2) Les intérêts énormes des institutions financières (banques, bureaux de change etc.) seraient mis en jeux, car le plus fort de leur revenu est projeté sur leurs transactions de change . Ces dernières seraient seulement et dorénavant des intermédiaire de la banque centrale et gagneraient quelques centimes par transaction. Les Supermarchés et autres informels ne devraient plus s’adonner aux transactions de change sauf des agents autorisés et reconnus au service de la Banque Centrale.
3) Les transactions (dépôts, retraits, prêts, paiements,) sur toute l’étendue du territoire seraient exprimées et effectuer seulement en gourdes incluant les loyers, les paiements par cartes de crédit et toutes la kyrielle.
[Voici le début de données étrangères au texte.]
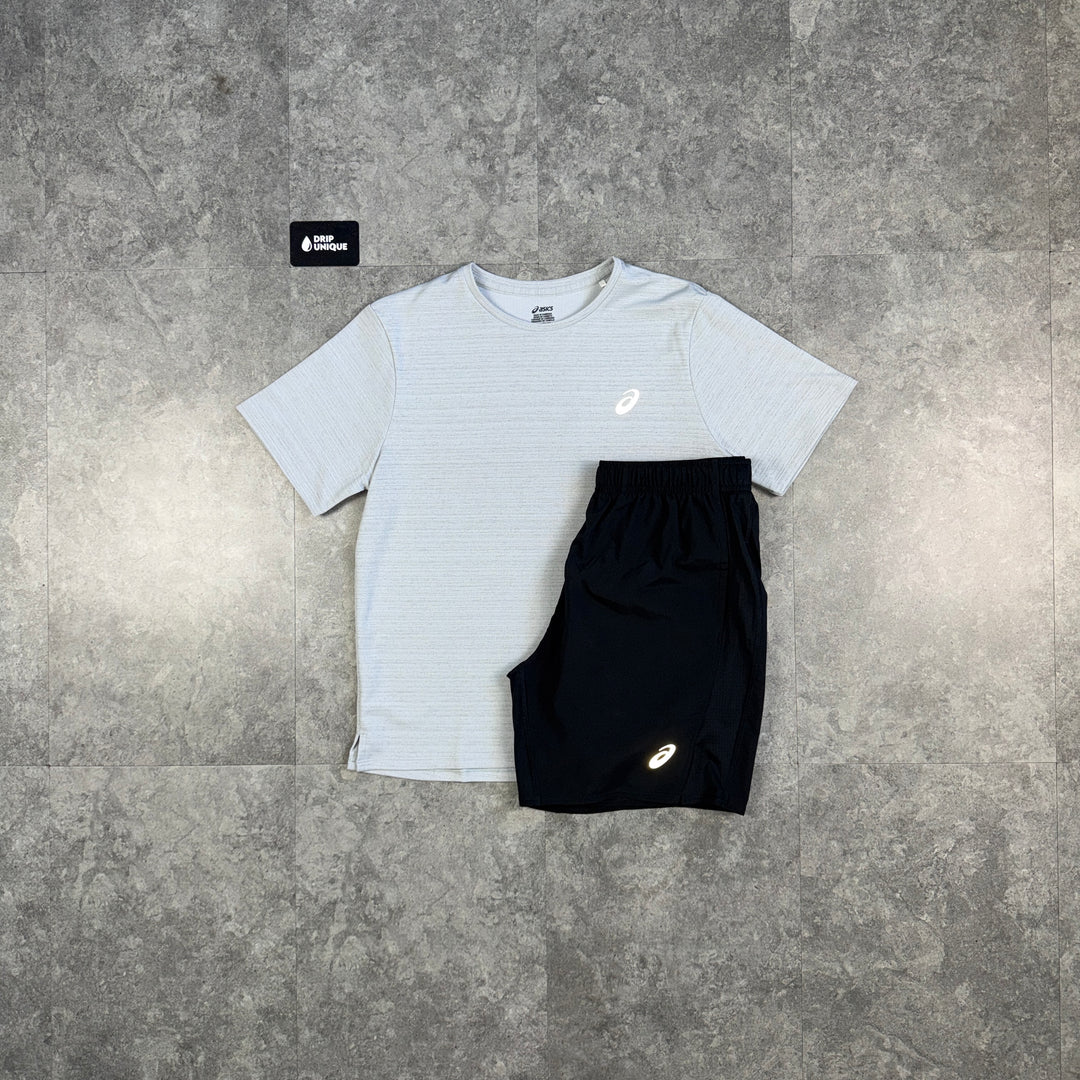 Asics Running Point T-Shirt Grey & Black Run Shorts Set, asics set, dripuniqueuk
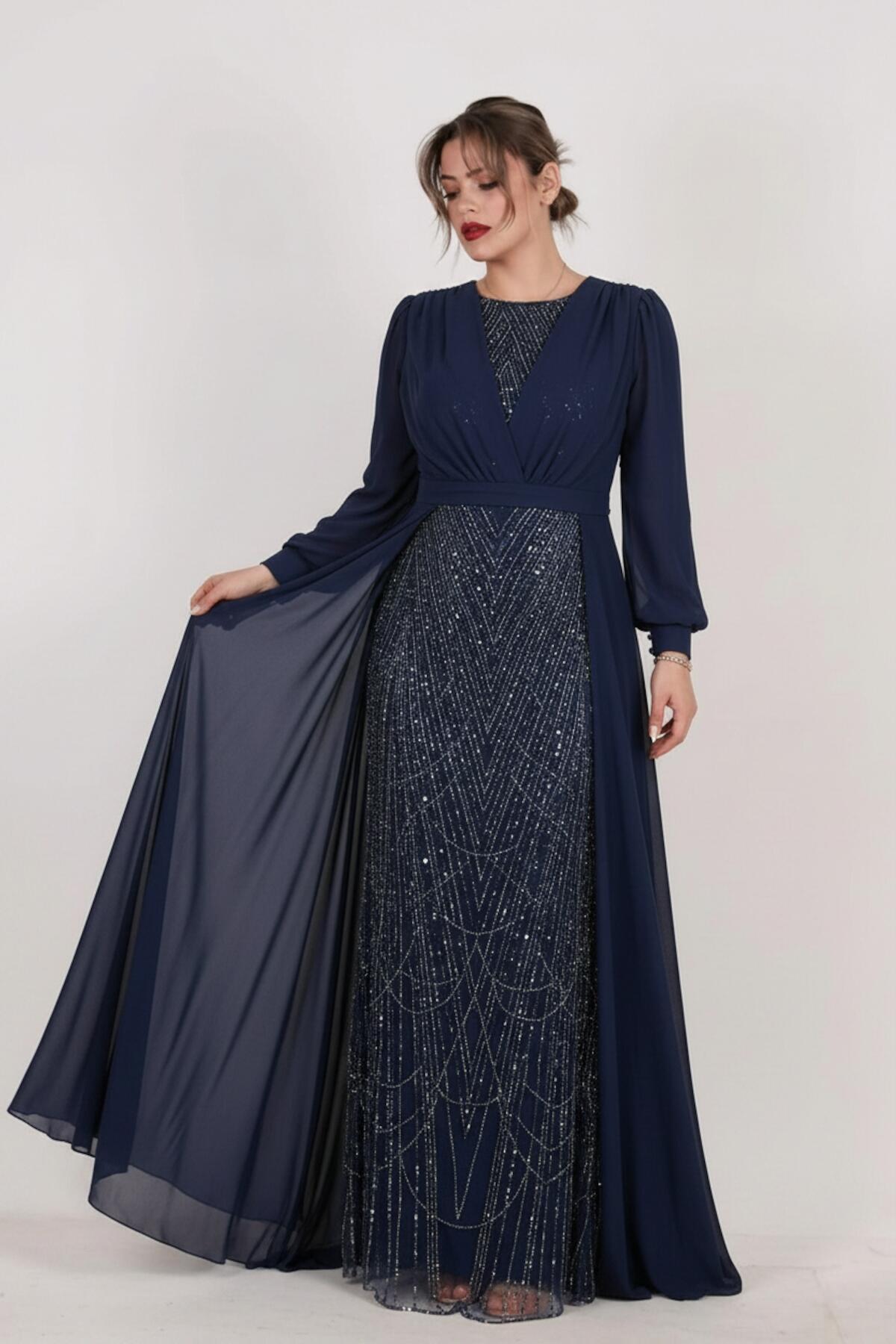 Grote Maat Avondjurk Met Pailletten En Chiffon Mouwen, Marineblauw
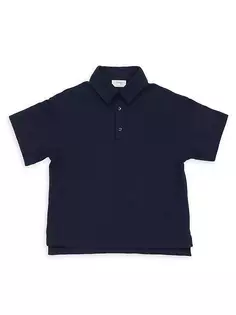 Рубашка-поло с логотипом FF для мальчика Fendi, темно-синий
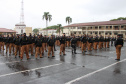 A Polícia Militar comemorou nesta quinta-feira (19), em todo Estado, o Dia da Bandeira. Nas unidades da Capital e do Interior foi feita a cerimônia alusiva com a incineração da Bandeira Nacional, sendo substituída por outra nova. Foto: SESP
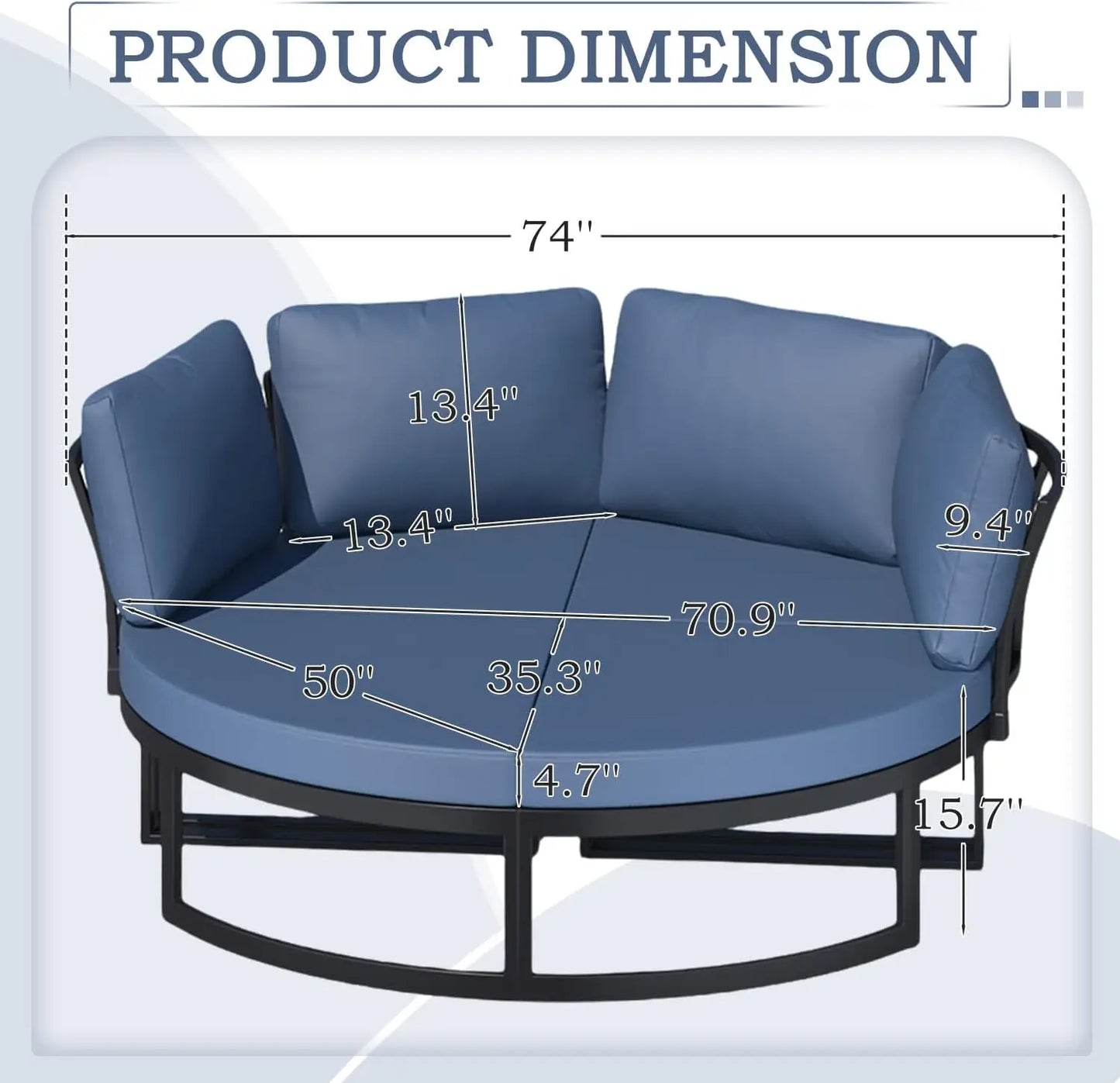 Metal Patio Furniture Set 74" Wide Outdoor Daybed with Extra Large 4 Pieces Seating Separates Cushioned Seats Sectional Round Da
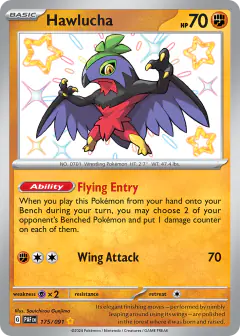 Hawlucha 175/091 Shiny Rare card from Paldean Fates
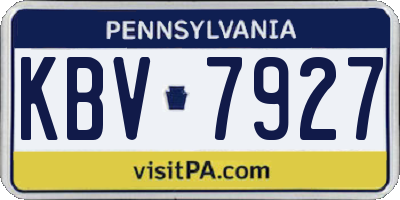 PA license plate KBV7927
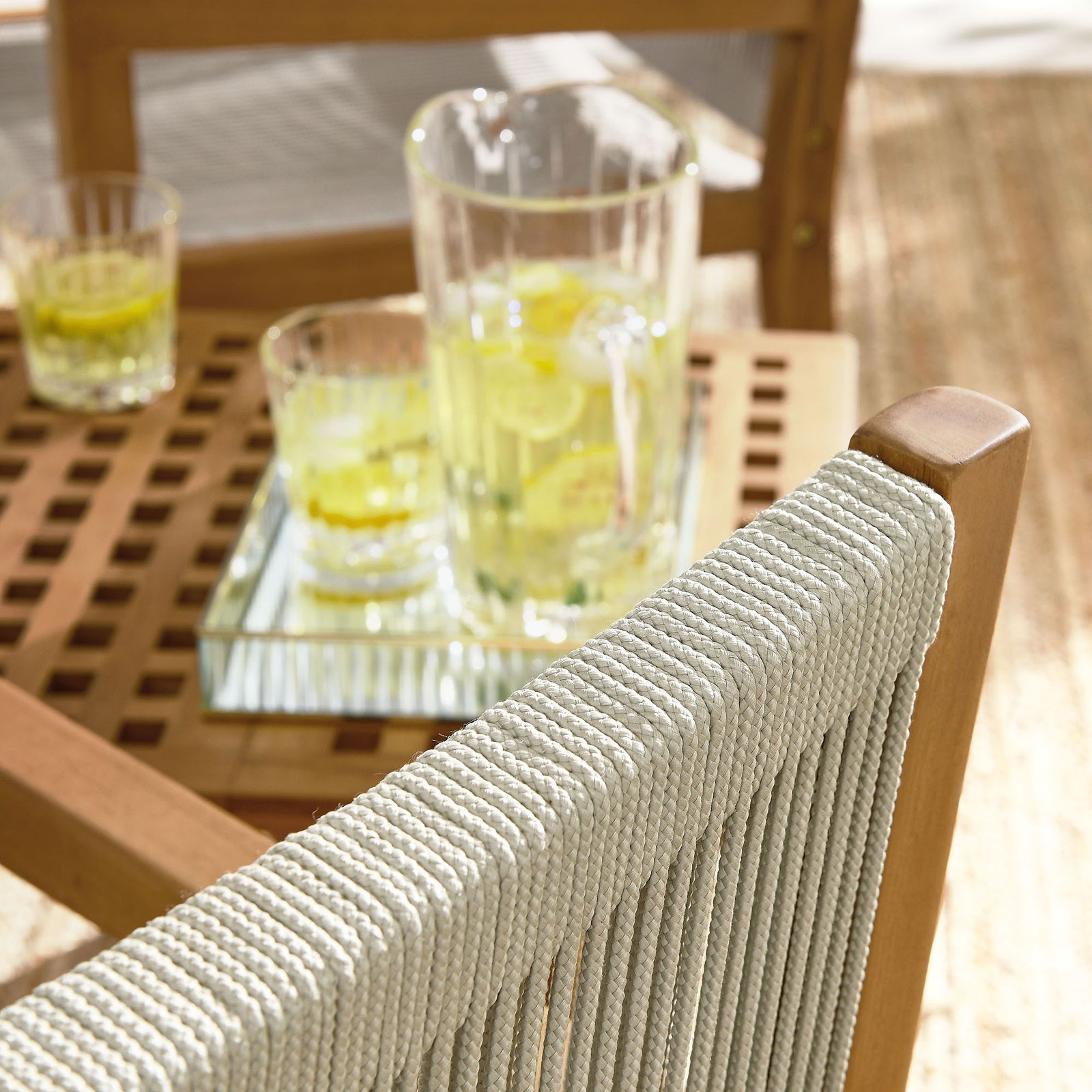 Vienna 3-Piece Outdoor Patio Teak and Rope Armchairs with Folding Side Table by Modway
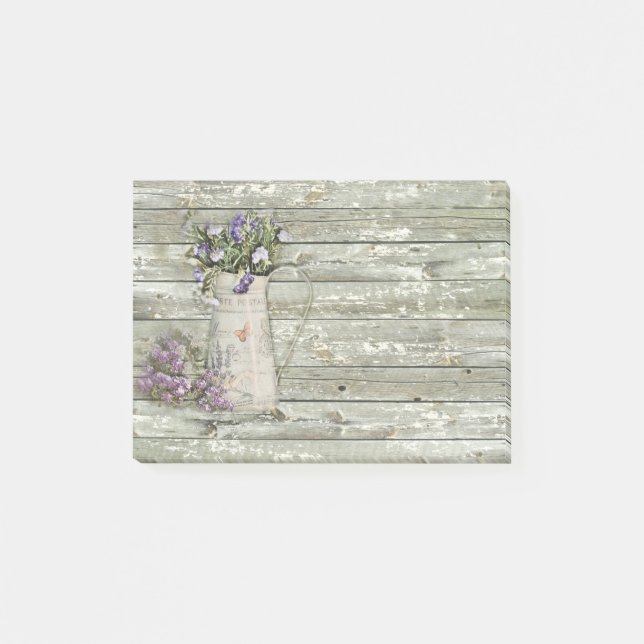 whitewashed barn wood farmhouse summer lavender post-it notes (Front)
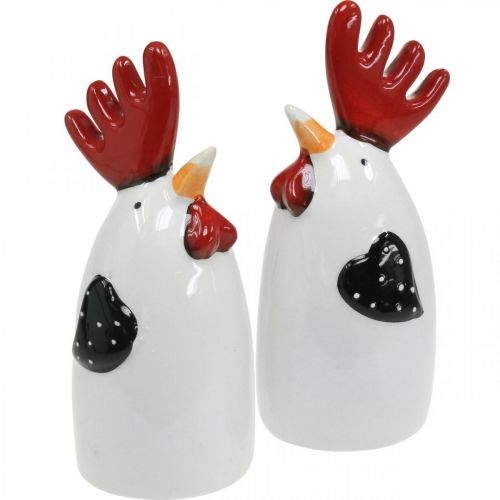 Article Décoration de table en céramique en forme de coq rouge et blanc 7 × 6 × 15 cm 2 pièces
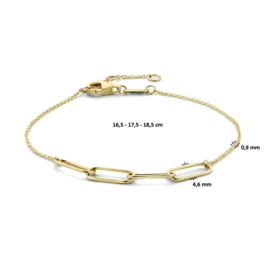 14k Gouden Armband met Paperclip Schakels 4,6 mm 16,5 – 17,5 – 18,5 cm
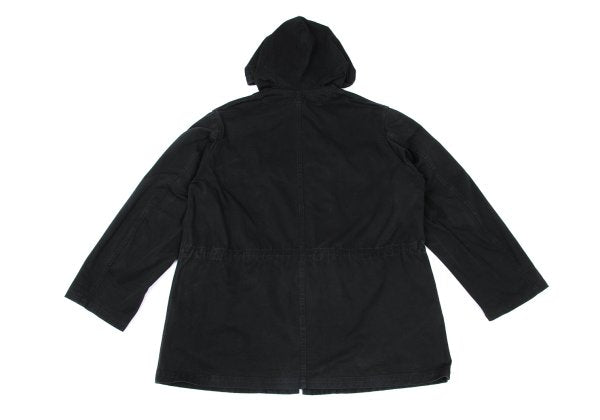Y's for men Cotton Hooded Double Zip Jacket Black Size L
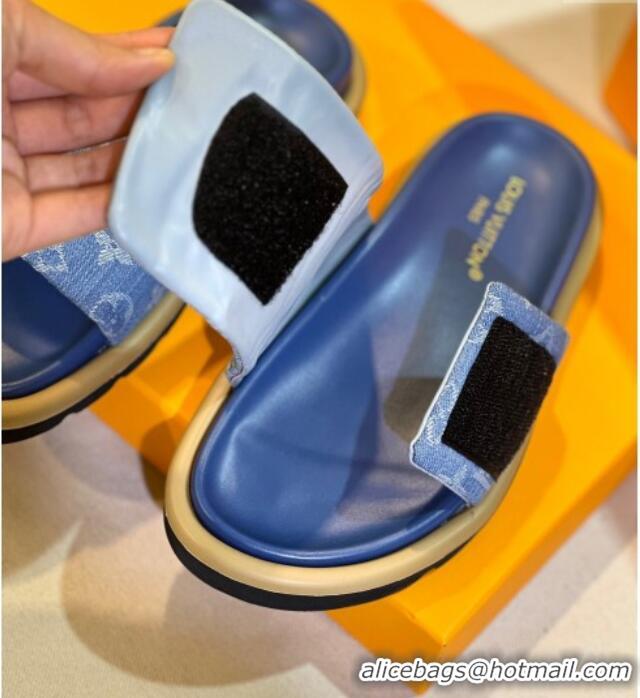 Big Discount Louis Vuitton Pool Pillow Flat Comfort Slide Sandals in Monogram Denim Blue 105150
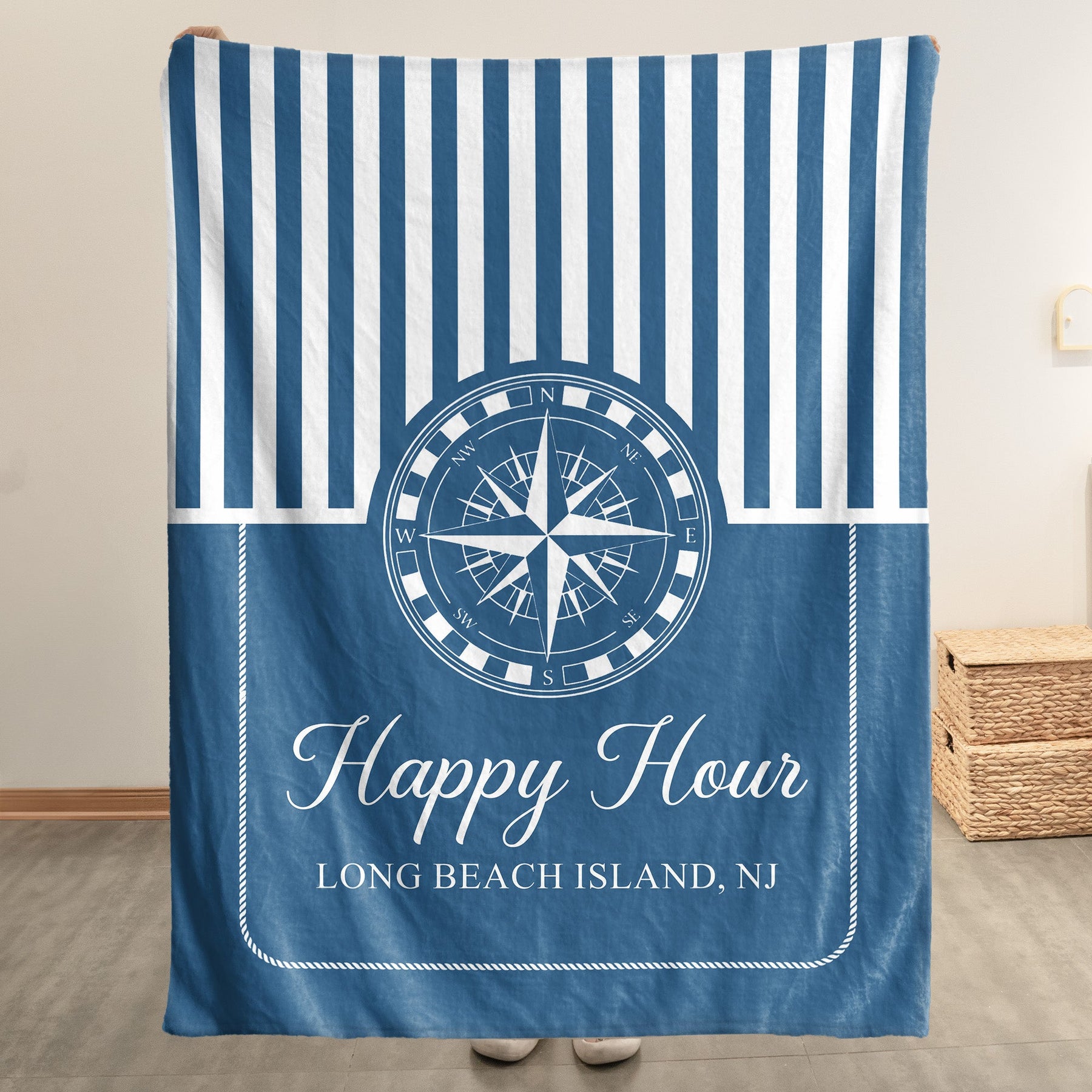 Custom Boat Name, Nautical, Anchor - Personalized Blanket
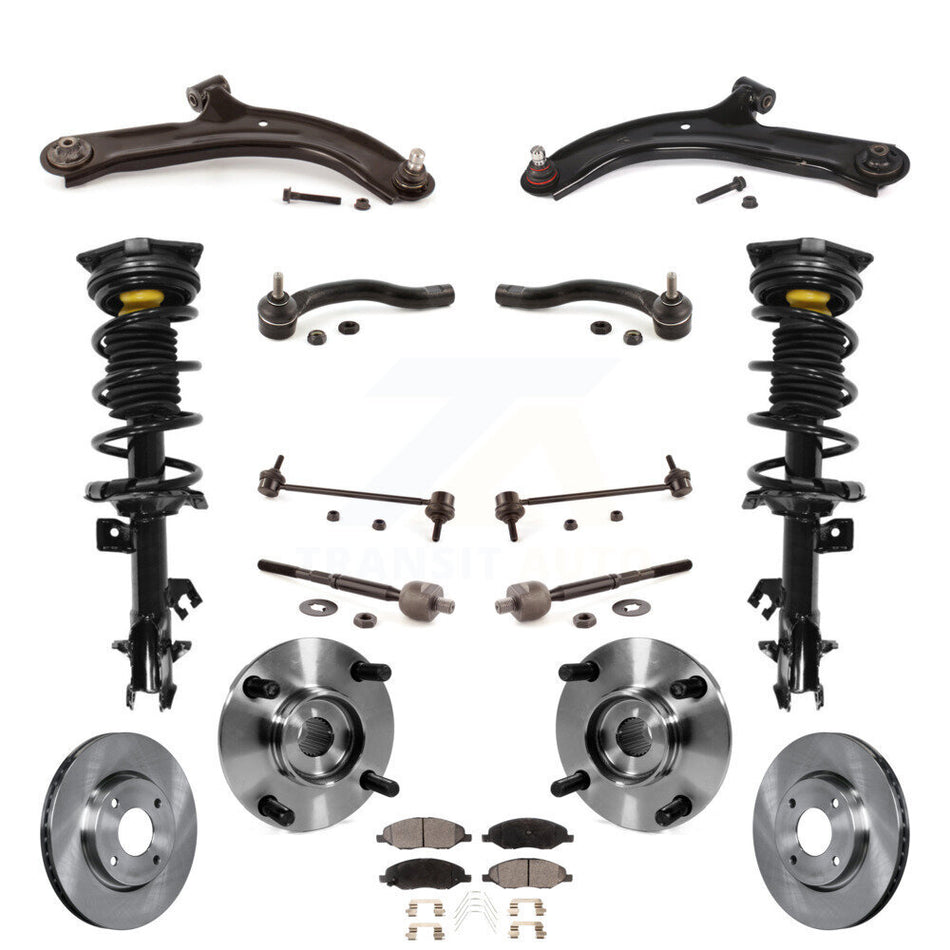 Front Disc Rotors Brake Pads Bearing Shock Assembly Suspension Kit (15Pc) For Nissan Versa KM-100398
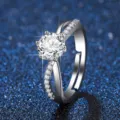 Prachtige 1 karaats moissaniet zilveren kruisring voor dames sprankelende elegante sieraden - Zilver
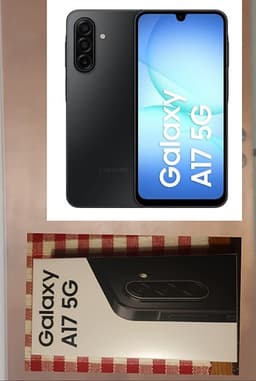 Samsung Galaxy A17 5G i svart färg.Den har en 6,7-tums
4) Les demandes de devises étrangères seraient autorisées exclusivement par la Banque Centrale qui en évaluerait l’opportunité. Cette dernière s’équiperait du personnel adéquat pour fournir en temps réel un tel service.
Un adepte suggérait dans ces temps de lobby en faveur des idées prônées par les « Chicago boys » que l’on gardait son pouvoir d’achat et son épargne dans la meilleure devise. Un souci et anticipation pareille ne seraient pas de mise quand le citoyen a la perception que sa banque centrale est forte, est au contrôle et a les moyens de sa politique.
Voici ce que je crois que mes plus de trente années de service de banque m’autorisent à proposer, si nous voulons stopper cette chute aux enfers de la valeur de la gourde haïtienne qui n’est pas prête de s’arrêter.